TASK DESCRIPTION: In the entries below, begin at the line that has "Коврики на Газель премиум" and stop after the line that has "What Happened To Yasiel Puig?"; output those lines exactly, leaving out pictures.

MATERIAL PROVIDED:
-----
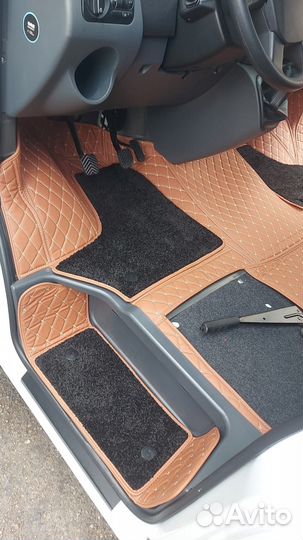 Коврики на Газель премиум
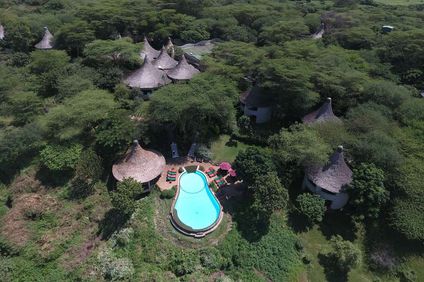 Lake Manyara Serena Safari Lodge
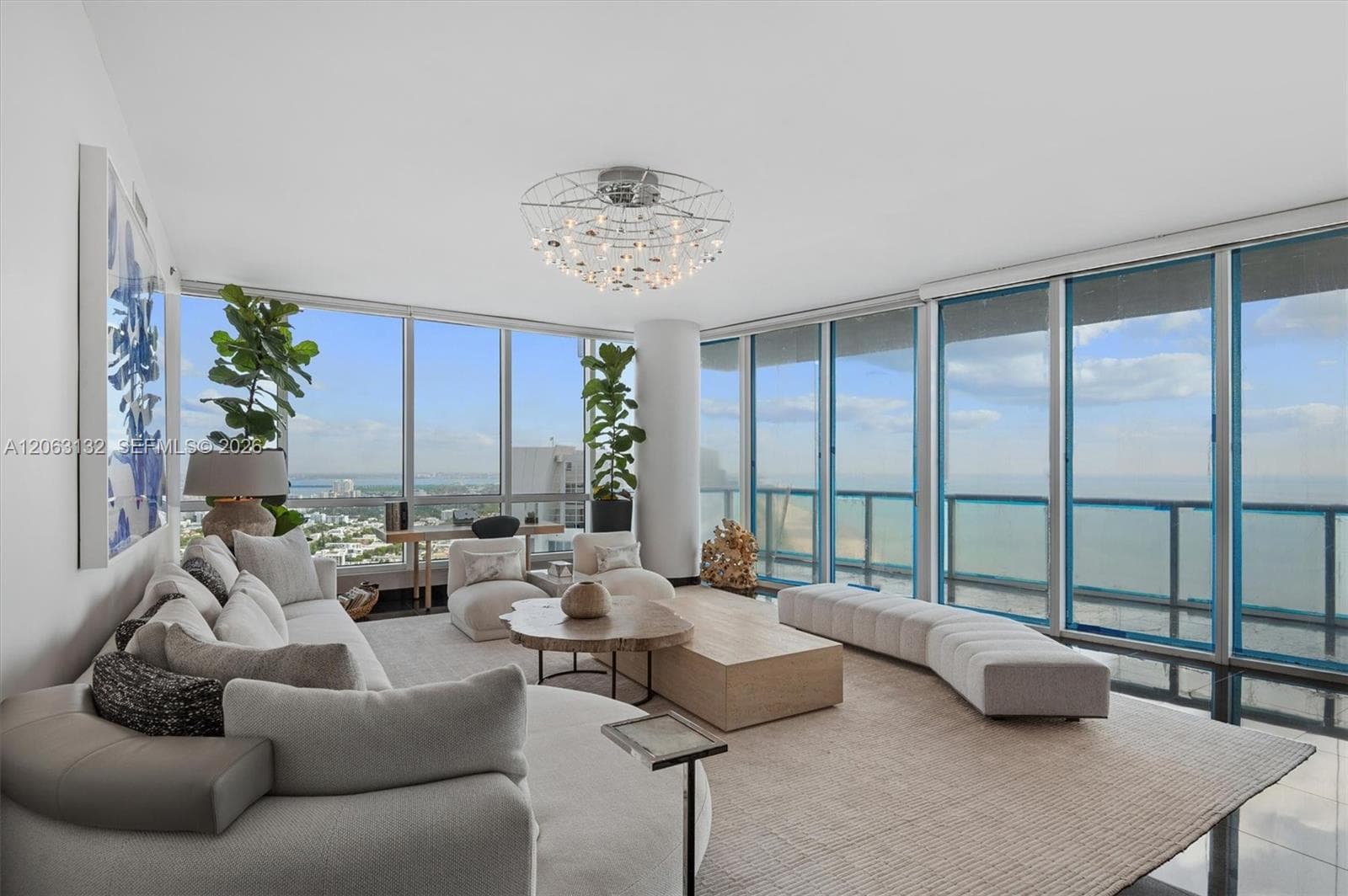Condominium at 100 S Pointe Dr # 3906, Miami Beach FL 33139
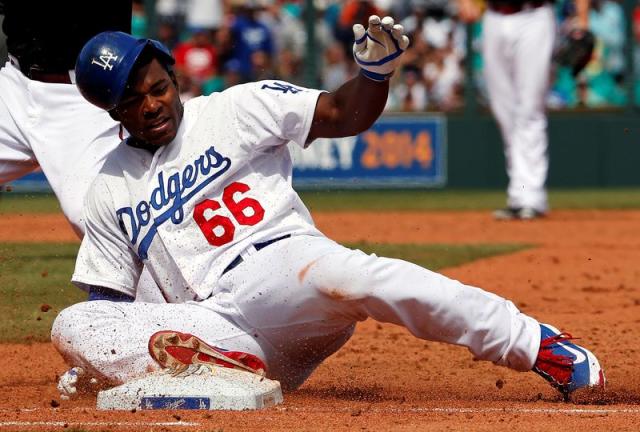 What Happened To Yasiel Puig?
-----
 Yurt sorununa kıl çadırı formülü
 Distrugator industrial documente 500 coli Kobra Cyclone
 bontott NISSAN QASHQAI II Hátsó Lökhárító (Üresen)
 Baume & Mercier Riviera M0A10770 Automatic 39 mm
-----
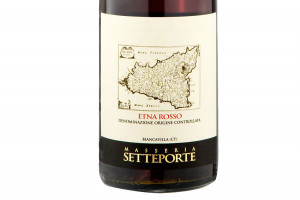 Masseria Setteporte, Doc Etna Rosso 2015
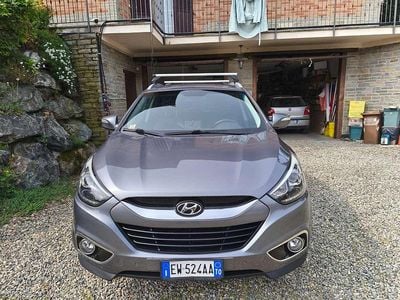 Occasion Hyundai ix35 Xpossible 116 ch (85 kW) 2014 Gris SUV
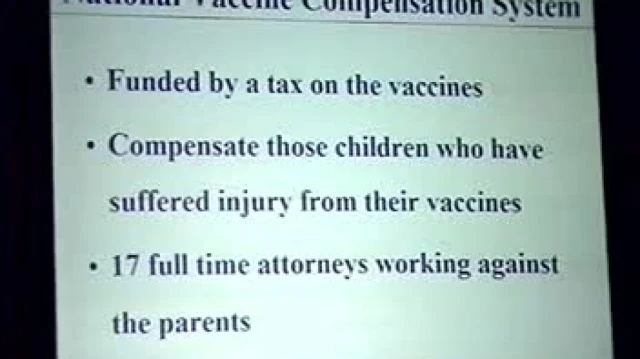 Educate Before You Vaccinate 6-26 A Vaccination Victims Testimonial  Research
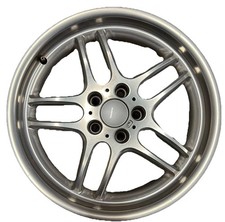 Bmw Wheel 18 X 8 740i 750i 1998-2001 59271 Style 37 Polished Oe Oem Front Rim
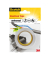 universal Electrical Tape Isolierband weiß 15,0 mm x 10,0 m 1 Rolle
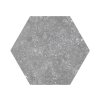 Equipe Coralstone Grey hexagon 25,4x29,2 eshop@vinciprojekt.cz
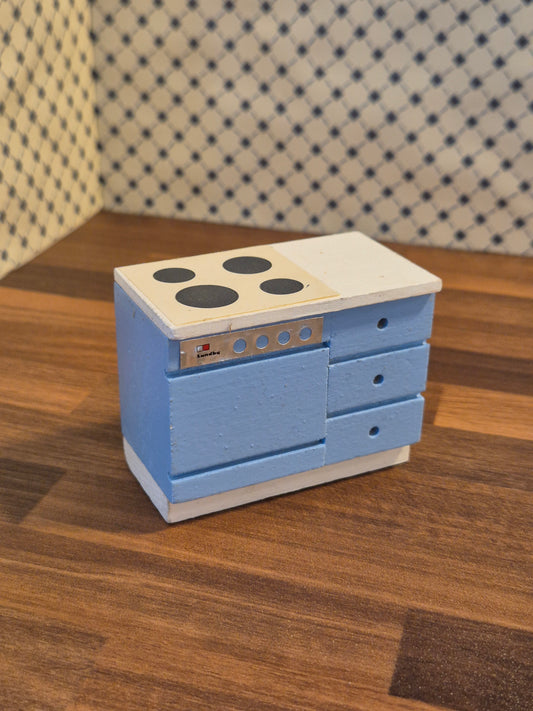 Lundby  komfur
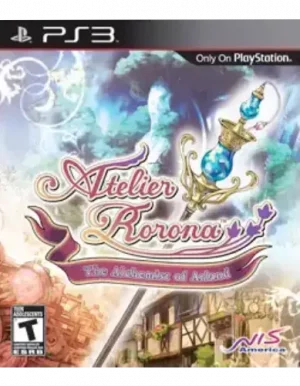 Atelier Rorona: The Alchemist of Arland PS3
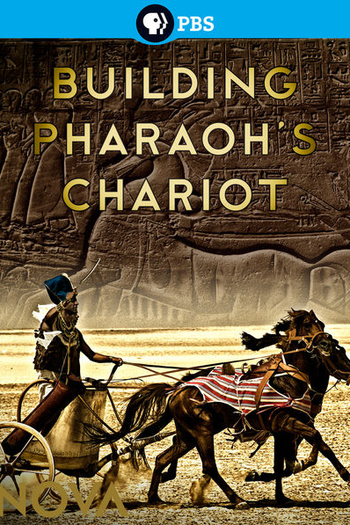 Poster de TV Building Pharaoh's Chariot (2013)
-----
ANSWER FOR THIS EXERCISE:
 Коврики на Газель премиум
 Lake Manyara Serena Safari Lodge
Condominium at 100 S Pointe Dr # 3906, Miami Beach FL 33139
 What Happened To Yasiel Puig?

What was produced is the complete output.